Peter raised his foot with the intention of hitting the gas, but then saw yet another police car—this one tucked in the entrance of a fast-food restaurant just off the highway—and instead jammed down on the brake, causing the car to balk and both him and Emma to lurch forward in their seats. Behind them a truck driver leaned hard on his horn before swinging into the left lane and blowing past them in a haze of exhaust.
As they crawled past the dust-coated police car—a Maryland state trooper whose head was tipped back against the seat as he slept, his mouth propped open so that he looked a bit like a baby bird—Peter breathed out and loosened his grip on the steering wheel. It was nearly impossible to stop his heart from pounding each time they passed one, not necessarily because he was speeding or driving any more erratically than usual, or even because one of the taillights was cracked and refused to light up—though that last was also true. Mostly it was because Peter had started to see the face of his dad behind every shadowy windshield of every single emergency vehicle they passed.
Peter knew it wouldn’t have been terribly hard for him to put out some kind of alert, the kind of thing that would come over every crackling radio in every worn-down cop car from upstate New York straight down to the very tip of Florida, a warning to every fellow man in uniform that the son of a sheriff had stolen an impounded car and was now fleeing to who-knew-where. Peter guessed it wouldn’t take a whole lot of effort for his dad to call in a few favors, have someone fetch the blue convertible and reel them back home like a couple of squirmy fish on a hook.

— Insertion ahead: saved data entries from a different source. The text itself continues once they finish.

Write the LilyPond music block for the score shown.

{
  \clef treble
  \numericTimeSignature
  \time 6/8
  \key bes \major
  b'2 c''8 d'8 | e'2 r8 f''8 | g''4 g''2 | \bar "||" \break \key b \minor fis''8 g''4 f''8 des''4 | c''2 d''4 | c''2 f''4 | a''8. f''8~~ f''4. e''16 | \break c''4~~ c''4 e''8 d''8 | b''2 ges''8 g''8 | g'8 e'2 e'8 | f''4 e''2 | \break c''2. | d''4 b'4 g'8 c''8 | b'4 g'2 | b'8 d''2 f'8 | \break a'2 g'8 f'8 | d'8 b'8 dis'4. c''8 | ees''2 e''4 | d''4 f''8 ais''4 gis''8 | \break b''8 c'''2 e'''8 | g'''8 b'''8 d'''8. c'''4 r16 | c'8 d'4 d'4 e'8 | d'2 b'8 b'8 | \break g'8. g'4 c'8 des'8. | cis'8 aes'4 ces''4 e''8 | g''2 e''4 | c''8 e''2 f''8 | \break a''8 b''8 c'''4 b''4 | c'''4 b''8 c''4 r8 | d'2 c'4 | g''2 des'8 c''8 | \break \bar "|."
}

But even so, a part of him wasn’t surprised they’d gotten this far. That would have been like being surprised that Emma’s parents were still calling every hour. It was simply their nature. Just as this—this long, stubborn silence—was Dad’s.

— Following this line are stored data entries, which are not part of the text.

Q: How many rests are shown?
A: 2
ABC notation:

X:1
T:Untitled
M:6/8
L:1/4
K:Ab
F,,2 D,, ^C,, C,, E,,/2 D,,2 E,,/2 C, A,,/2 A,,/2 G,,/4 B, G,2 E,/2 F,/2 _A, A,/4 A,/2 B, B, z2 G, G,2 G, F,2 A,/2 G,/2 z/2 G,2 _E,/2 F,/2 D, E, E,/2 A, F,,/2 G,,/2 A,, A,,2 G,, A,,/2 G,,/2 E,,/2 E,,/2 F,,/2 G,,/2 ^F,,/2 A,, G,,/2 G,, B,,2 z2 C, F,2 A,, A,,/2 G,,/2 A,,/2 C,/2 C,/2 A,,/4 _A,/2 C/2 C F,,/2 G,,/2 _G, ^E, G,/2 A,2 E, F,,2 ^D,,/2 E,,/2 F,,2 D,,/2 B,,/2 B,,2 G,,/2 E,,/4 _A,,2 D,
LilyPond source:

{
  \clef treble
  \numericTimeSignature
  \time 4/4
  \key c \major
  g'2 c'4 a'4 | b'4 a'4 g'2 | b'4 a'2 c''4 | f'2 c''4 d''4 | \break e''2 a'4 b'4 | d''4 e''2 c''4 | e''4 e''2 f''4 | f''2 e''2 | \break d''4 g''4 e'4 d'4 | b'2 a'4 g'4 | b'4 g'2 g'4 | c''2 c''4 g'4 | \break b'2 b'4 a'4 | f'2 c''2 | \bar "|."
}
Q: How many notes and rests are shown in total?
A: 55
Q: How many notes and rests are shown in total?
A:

Peter remembered the first time he’d ever gotten beat up, sucker punched (not for the last time) by a bully of a kid named James McWalter as they walked home from school in third grade. Dad must have been patrolling the neighborhood in his squad car, because even as Peter staggered to his feet—a hand cupped over his eye, blinking back tears as he felt the side of his face begin to throb—Dad had the kid by the shoulders, steering him calmly over to the car, where he must have given him a good scare, because after a moment James grabbed his backpack, mumbled an apology, and darted off in the direction of his house, white-faced and trembling.
Afterward, Dad had taken Peter by the shoulder in a similar manner, half shoving him toward the squad car. His left eye was twitching, and his thumb was pressed hard against the back of Peter’s neck, as if Peter had done something wrong. When they got home, Dad pulled a bag of peas from the freezer and jerked his chin toward the couch, all without a word.

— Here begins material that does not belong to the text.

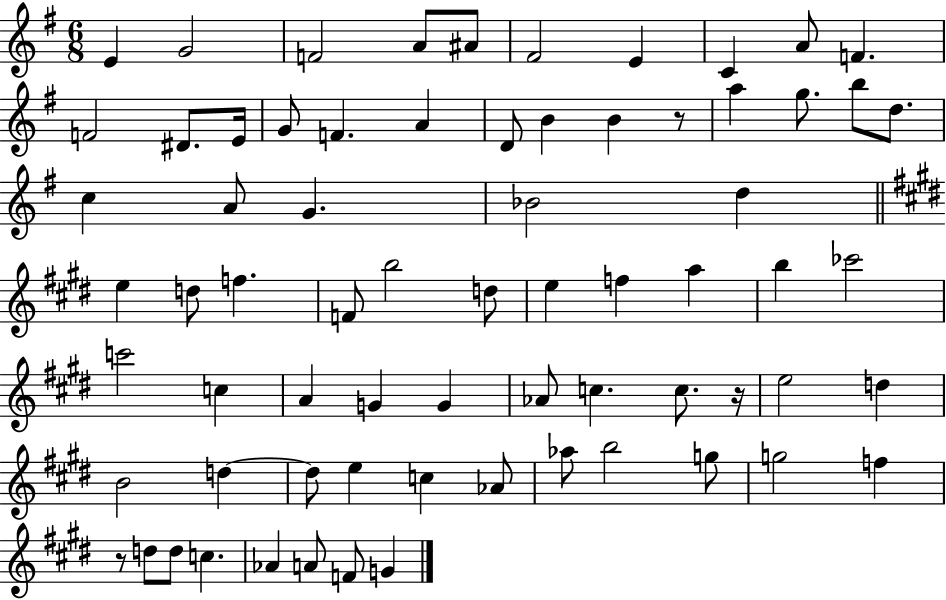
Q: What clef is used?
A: treble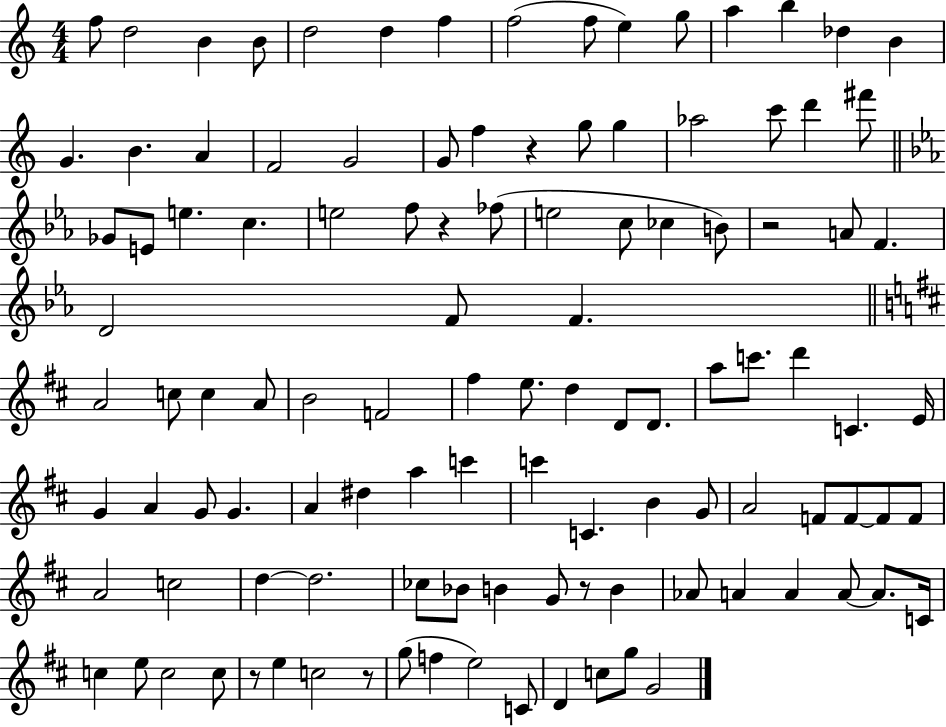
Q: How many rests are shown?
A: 6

Later, while Peter stood on his tiptoes in the bathroom, examining the pink-tinged bruise that had bloomed below his eye, Dad appeared in the doorway.
“You were holding your books with both hands.”
Peter stared at him, not quite sure how to respond.
“If these kids are gonna keep bothering you, make sure to put your books in your backpack,” he said. “Keep your hands ready and your eyes open. Don’t be such an easy target. You have to be able to take care of yourself.”
Peter nodded feebly. It wasn’t until later that he realized this meant Dad must have seen him before he was punched, before his books went tumbling to the ground. Which meant he hadn’t come to the rescue just in time. He’d seen what was happening and had chosen to wait.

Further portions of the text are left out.